(RECORDED INFORMATION)
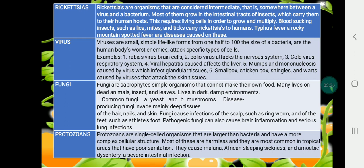Fungi are simple organisms that cannot make their own food. Protozoans are single-celled organisms that are larger than bacteria and have a more complex cellular structure.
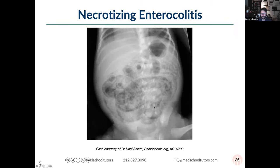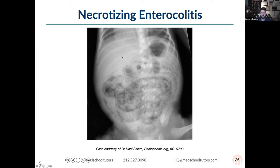Portal venous gas is another ominous sign of dead bowel or bacterial translocation — the air produced in the bowel has to go somewhere, and the bowel drains blood to the liver via the portal vein. Portal venous gas should raise suspicion for very dead bowel or bacterial translocation, which can be a very bad sign for infection.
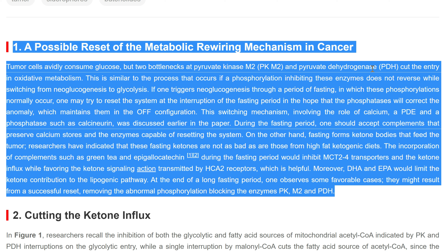This switching mechanism, involving the role of calcium, a PDE, and a phosphatase such as calcineurin, was discussed earlier in the paper. During the fasting period, one should accept complements that preserve calcium stores and the enzymes capable of resetting the system. On the other hand, fasting forms ketone bodies that feed the tumor. Researchers have indicated that these fasting ketones are not as bad as those from high-fat ketogenic diets. The incorporation of complements such as green tea and epigallocatechin during the fasting period would inhibit MCT-2/4 transporters and the ketone influx, while favoring the ketone signaling action transmitted by HCA2 receptors, which is helpful.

(THE TASK) Without the pictures, write out the whole listing above exactly as it appears.

(SOLVED EXERCISE)
Fungi are simple organisms that cannot make their own food. Protozoans are single-celled organisms that are larger than bacteria and have a more complex cellular structure.
Portal venous gas is another ominous sign of dead bowel or bacterial translocation — the air produced in the bowel has to go somewhere, and the bowel drains blood to the liver via the portal vein. Portal venous gas should raise suspicion for very dead bowel or bacterial translocation, which can be a very bad sign for infection.
This switching mechanism, involving the role of calcium, a PDE, and a phosphatase such as calcineurin, was discussed earlier in the paper. During the fasting period, one should accept complements that preserve calcium stores and the enzymes capable of resetting the system. On the other hand, fasting forms ketone bodies that feed the tumor. Researchers have indicated that these fasting ketones are not as bad as those from high-fat ketogenic diets. The incorporation of complements such as green tea and epigallocatechin during the fasting period would inhibit MCT-2/4 transporters and the ketone influx, while favoring the ketone signaling action transmitted by HCA2 receptors, which is helpful.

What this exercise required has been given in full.